Jesse Winchester’s status as a draft-dodger kept him in Canada for a decade, where he collaborated with Todd Rundgren and members of The Band. A “songwriter’s songwriter,” his tunes have been covered by Elvis Costello, Emmylou Harris and Joan Baez, to name a few. He lives in Charlottesville. |
Reputation precedes the “songwriter’s songwriter,” a Memphis native who dodged the Vietnam War draft and moved to Canada. He started writing songs there—his first was “Brand New Tennessee Waltz,” later covered by Joan Baez—and collaborated with musicians like Robbie Robertson of The Band, who produced Winchester’s first album. Winchester moved to Charlottesville in 2006 and released an album last year, his first in nearly a decade.
Winchester took to the stage alone with a classical guitar, in a green v-neck sweater over a blue oxford, dark olive slacks and a well-worn pair of loafers. A white, wispy beard hung from his chin like the first signs of refrigerator mold. His cheekbones and nose form three competing focal points in his expressive face. In a gruff Tennessee accent, most of Winchester’s banter was lost to the microphone set at folk levels. But while singing, his whispered delivery gave the noshing audience pause. During “Sham-A-Ling-Dong-Ding,” from last year’s Love Filling Station, Winchester screwed his head around the point he’d fixed his eyes on at the back of the room, his voice dribbling down a lovely descending melody: “Oh, those sweet old love songs / Every word rings true / Sham-a-ling-dong-ding means sweetheart / Sham-a-ling-dang-dong does too.”
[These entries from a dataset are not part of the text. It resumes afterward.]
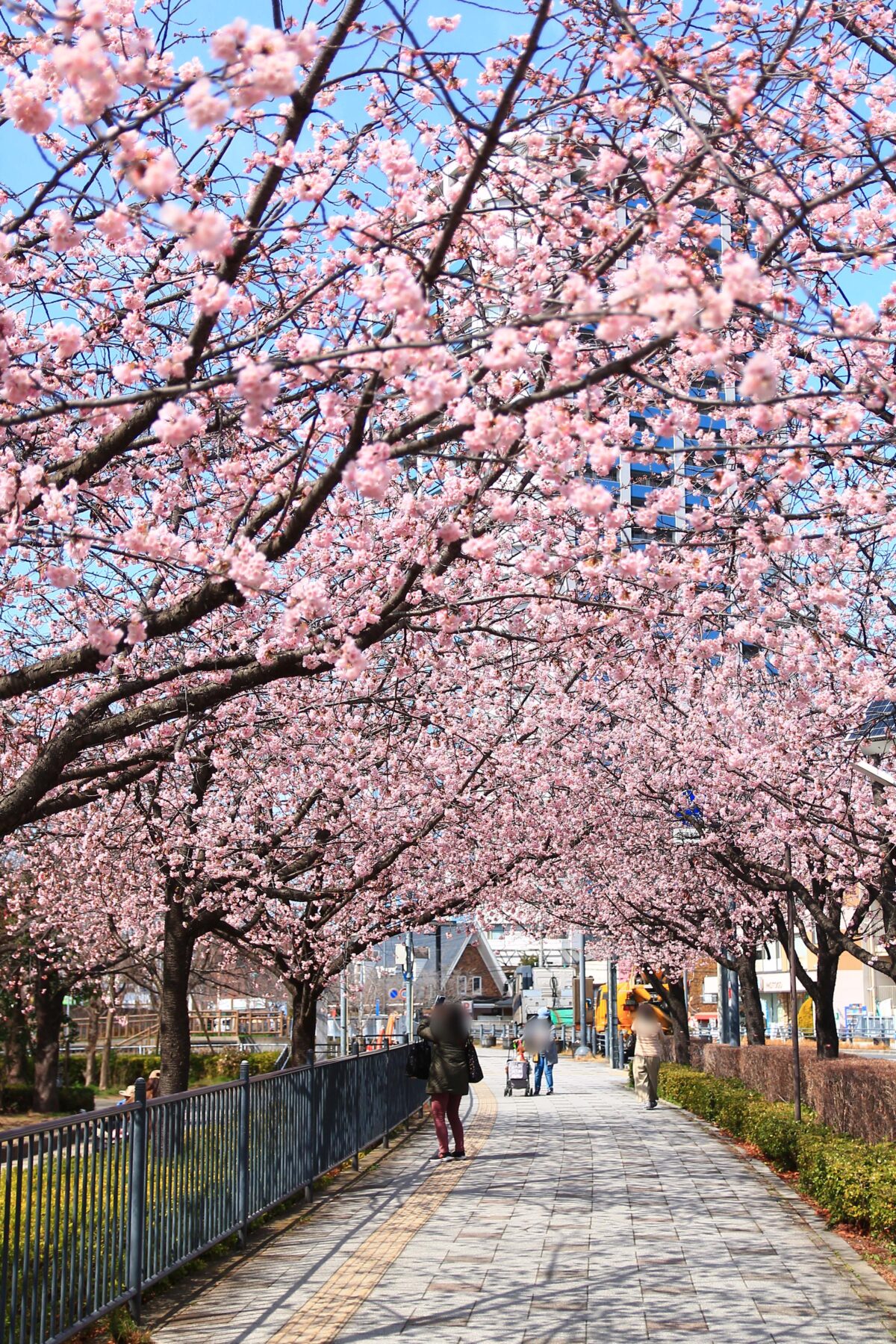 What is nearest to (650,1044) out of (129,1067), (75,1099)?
(75,1099)

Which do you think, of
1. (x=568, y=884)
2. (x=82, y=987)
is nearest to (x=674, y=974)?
(x=568, y=884)

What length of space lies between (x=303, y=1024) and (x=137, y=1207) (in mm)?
10523

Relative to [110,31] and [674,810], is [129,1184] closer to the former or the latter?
[110,31]

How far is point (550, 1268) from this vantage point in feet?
28.5

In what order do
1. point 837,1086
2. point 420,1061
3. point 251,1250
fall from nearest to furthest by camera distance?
1. point 251,1250
2. point 837,1086
3. point 420,1061

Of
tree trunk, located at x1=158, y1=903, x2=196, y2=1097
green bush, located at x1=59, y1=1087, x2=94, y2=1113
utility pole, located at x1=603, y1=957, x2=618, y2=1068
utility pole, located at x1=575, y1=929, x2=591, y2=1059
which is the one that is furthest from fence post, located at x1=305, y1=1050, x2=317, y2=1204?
utility pole, located at x1=575, y1=929, x2=591, y2=1059

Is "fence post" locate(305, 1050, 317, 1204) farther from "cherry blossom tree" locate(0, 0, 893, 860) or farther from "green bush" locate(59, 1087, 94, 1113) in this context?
"green bush" locate(59, 1087, 94, 1113)

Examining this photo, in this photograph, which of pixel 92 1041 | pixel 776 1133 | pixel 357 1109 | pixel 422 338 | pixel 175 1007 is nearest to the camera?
pixel 422 338

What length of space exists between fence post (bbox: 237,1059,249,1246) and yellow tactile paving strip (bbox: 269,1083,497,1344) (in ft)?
2.69

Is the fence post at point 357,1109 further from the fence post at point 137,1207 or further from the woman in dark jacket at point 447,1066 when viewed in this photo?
the fence post at point 137,1207

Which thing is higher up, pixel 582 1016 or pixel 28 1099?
pixel 582 1016

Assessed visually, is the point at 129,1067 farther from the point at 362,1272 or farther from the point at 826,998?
the point at 362,1272

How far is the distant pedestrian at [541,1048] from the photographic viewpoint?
1120 inches

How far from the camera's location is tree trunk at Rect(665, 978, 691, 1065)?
28516 mm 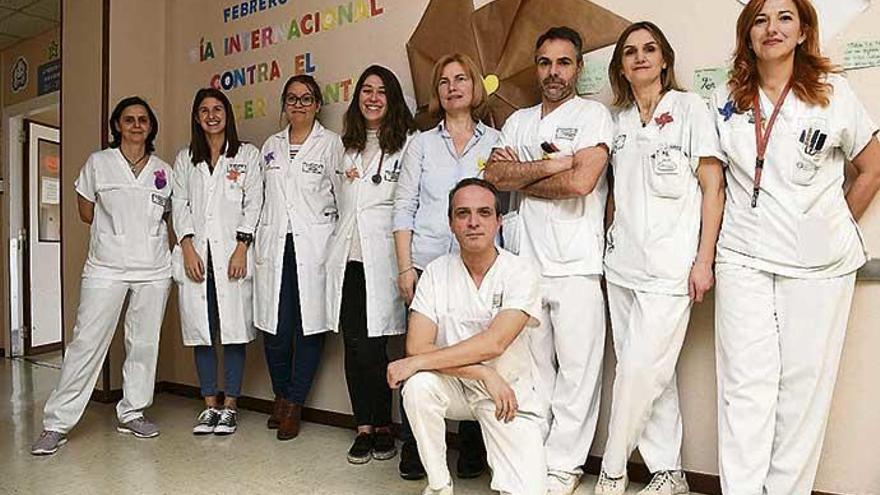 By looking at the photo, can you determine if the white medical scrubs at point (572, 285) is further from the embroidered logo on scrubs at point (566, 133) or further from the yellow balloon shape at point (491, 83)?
the yellow balloon shape at point (491, 83)

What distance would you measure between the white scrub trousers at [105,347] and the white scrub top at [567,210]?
170 centimetres

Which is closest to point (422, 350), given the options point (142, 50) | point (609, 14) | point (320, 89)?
point (609, 14)

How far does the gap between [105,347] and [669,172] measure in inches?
93.3

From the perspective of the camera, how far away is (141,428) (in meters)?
2.86

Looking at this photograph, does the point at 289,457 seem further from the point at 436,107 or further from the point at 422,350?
the point at 436,107

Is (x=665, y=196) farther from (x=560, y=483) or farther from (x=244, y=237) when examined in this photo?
(x=244, y=237)

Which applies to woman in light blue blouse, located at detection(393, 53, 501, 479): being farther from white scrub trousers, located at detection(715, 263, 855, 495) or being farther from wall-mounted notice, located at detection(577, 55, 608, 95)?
white scrub trousers, located at detection(715, 263, 855, 495)

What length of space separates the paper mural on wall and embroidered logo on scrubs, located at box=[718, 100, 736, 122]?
1.15ft

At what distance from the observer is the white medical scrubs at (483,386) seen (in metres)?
1.96

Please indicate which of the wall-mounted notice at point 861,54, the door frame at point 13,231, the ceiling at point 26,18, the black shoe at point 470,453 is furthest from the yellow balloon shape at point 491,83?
the door frame at point 13,231

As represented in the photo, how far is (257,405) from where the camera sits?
131 inches

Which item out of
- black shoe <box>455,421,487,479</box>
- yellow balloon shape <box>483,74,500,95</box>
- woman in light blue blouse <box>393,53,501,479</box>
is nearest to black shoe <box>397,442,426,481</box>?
woman in light blue blouse <box>393,53,501,479</box>

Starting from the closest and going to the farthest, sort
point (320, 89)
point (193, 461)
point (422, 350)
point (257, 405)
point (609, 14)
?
point (422, 350) < point (609, 14) < point (193, 461) < point (320, 89) < point (257, 405)

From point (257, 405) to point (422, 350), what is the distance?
5.40 feet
Later, “That’s What Makes You Strong,” from 1999’s Gentleman of Leisure, demonstrated his power as a songwriter. “If you love somebody, that’s what makes you need somebody,” he sang. “If you need somebody, that’s what makes you weak.” As Winchester threaded the idea over the course of three minutes, the woman in the Jesse Winchester t-shirt beside me was moved to a sobbing state beyond pure bliss. When things grew too precious over the course of more than 20 songs, no sappy sentiment—no eskimo kiss—went untempered by irreverence. “There should be some kind of law against having nothing but twigs and seeds,” he later sang to whoops and hollers.
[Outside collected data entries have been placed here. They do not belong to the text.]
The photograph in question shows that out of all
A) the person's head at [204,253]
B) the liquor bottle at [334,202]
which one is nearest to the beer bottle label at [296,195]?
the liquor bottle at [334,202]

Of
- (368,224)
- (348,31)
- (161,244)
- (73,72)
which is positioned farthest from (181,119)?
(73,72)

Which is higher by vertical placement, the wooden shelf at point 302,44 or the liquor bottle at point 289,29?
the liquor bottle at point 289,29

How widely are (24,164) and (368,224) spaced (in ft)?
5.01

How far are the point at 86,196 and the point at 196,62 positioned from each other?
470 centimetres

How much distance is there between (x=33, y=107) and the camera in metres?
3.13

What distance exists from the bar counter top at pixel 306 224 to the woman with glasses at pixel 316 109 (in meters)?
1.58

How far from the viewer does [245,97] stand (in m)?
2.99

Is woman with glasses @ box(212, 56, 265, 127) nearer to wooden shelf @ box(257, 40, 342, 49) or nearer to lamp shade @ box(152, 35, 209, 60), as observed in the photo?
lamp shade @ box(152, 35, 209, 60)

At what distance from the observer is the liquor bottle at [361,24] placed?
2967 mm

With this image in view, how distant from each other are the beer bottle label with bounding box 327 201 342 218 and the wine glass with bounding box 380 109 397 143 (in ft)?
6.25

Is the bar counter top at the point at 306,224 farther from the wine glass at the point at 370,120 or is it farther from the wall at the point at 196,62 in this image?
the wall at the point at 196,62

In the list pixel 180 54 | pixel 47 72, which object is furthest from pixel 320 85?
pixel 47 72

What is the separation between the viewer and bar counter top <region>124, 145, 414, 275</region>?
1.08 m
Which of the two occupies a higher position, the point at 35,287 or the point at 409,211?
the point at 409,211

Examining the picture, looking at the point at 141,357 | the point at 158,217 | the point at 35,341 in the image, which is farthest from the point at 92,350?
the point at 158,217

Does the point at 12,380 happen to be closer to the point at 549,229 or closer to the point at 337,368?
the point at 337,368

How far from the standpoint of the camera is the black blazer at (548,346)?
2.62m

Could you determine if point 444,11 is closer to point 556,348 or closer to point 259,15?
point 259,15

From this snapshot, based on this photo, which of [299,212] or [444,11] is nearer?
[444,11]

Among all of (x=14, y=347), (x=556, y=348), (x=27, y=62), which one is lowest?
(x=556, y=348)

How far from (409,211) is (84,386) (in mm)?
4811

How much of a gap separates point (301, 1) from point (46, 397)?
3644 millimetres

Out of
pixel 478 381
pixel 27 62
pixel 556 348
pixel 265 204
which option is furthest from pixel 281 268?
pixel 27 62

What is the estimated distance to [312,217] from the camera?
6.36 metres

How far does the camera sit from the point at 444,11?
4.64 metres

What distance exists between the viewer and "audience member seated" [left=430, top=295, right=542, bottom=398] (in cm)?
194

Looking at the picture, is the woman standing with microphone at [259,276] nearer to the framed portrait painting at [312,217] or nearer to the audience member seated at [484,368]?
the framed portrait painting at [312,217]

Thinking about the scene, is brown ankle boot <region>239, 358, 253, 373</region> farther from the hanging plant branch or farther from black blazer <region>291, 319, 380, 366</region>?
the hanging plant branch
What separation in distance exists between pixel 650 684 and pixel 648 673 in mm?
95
But plenty of it was “right down the middle.” In “Nothin’ But a Breeze,” which Jimmy Buffett covered, he sang, “I’m the type of guy who likes it right down the middle / I don’t like all this bouncing back and forth / Me, I want to live with my feet in Dixie / And my head in the cool blue North.” Amid the clamor of plates being cleared, Winchester forced out a raw vibrato with a quivering jaw. As the food grew cold, the beer warm, and glasses of wine evaporated, he dropped the guitar and stood to yelp a gospel tune, guiding his compact frame through a frenetic dance as the audience clapped along. Even the nonbelievers, if there were any, were posessed by something.